Wszyscy kibice szachowi żyją jeszcze emocjami z Olimpiady Szachowej i wspaniałym występem reprezentacji Polski kobiet, która wywalczyła w stolicy Azerbejdżanu srebrny medal. Taki wynik w stawce drużyn z ponad 140 krajów, także takich dla których to sport narodowy, to wspaniały sukces! Ogromny udział w wywalczeniu przez Polki drugiego miejsca miała zaledwie 18-letnia zawodniczka Polonii Wrocław Mariola Woźniak, dla której był to absolutny debiut na najpoważniejszej imprezie szachowej na świecie. I to jaki debiut! Nasza szachistka podeszła do rywalizacji bez respektu dla doświadczonych rywalek i wygrała wszystkie sześć partii! Z Baku wraca do Polski nie tylko z medalem, ale też z blisko 80 punktami zysku rankingowego! – Nie byłoby tych sukcesów, gdyby nie zaangażowanie jej rodziców – mówi Andrzej Dadełło, właściciel Polonii Wrocław.
Od mistrzostw kraju do Olimpiady
W październiku 2013 roku 15-letnia wówczas Mariola trafiła do Polonii Wrocław, podążając śladem innych młodych szachistów.

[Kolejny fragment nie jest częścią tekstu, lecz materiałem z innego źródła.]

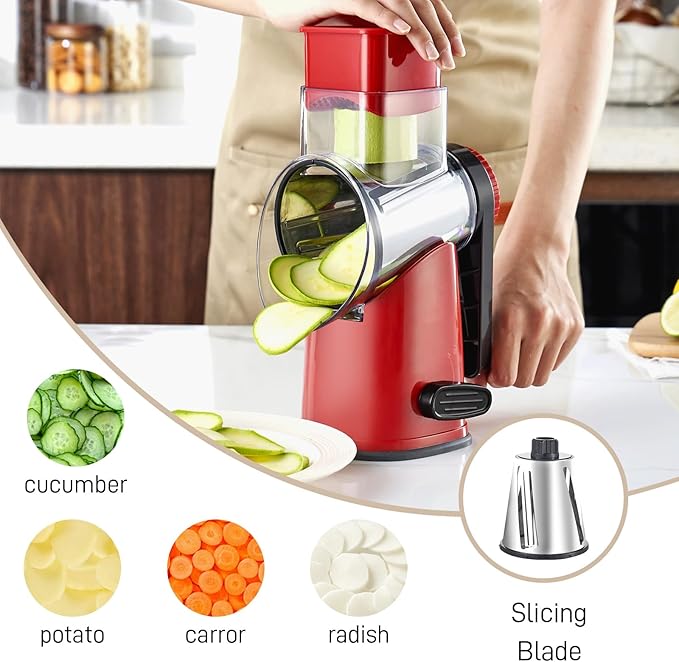 Rotary Cheese Graters with 4 Blades, Hand Crank Cheese Grater with Waffle Slicer, Red, Black and White Cheese Shredder with Suction Base, Easier for Shredding & Grating (Red, 4 Graters)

Już wtedy była czołową szachistką w Polsce w swoim roczniku, ale dopiero kolejne sezony przyniosły przełom w jej karierze. Utalentowana szachistka miała już na koncie medale turniejów juniorskich w Polsce i za granicą, ale to rywalizacja z seniorkami nadała jej karierze rozpędu. Na początku 2015 roku Mariola dostała szansę występu w Mistrzostwach Polski Kobiet – jako najmłodsza uczestniczka, praktycznie bez doświadczenia w rywalizacji z seniorkami, znalazła się w gonie 10 najlepszych szachistek w Polsce. Wtedy nikt na nią nie stawiał, a ona była bliska sprawienia sensacji i zdobycia medalu. Ostatecznie nie udało jej się stanąć na podium, ale zajęła 4. miejsce, potwierdzając swoje ogromne możliwości. Jak to się stało, że wtedy w tak młodym wieku pojechała na seniorskie mistrzostwa kraju? – W 2014 roku bardzo dobrze grała moja córka Ola, która zdobyła wtedy tytuł mistrzyni Polski do lat 16 i zaproponowano mi, by jedna z naszych juniorek zagrała w mistrzostwach kraju seniorek. Uważałem, że Ola nie jest jeszcze gotowa do rywalizacji na tym poziomie i wtedy zarekomendowałem Mariolę. Ona wtedy miała nieco słabszy okres, ale miała też ogromny potencjał i widziałem jak świetnie liczy warianty. Pojechała na mistrzostwa i sensacyjnie wywalczyła 4. miejsce – wspomina Andrzej Dadełło – wspomina Andrzej Dadełło. Na początku 2016 roku Mariola znów zagrała w mistrzostwach kraju kobiet i znów była 4., ustępując tylko reprezentantkom Polski. Zresztą chwilę wcześniej sięgnęła także po krajowe złoto w kategorii juniorek. – Dopiero po zakończeniu mistrzostw poczułam, jak niewiele brakowało do miejsca na podium – mówiła wtedy nie wiedząc jeszcze, że we wrześniu pojedzie na Olimpiadę Szachową i przywiezie medal. A być może to jeszcze nie koniec sukcesów w tym roku, bo choć Mariola zdobywa już medale w rywalizacji z seniorkami, to przed nią jeszcze start w Mistrzostwach Świata Juniorów.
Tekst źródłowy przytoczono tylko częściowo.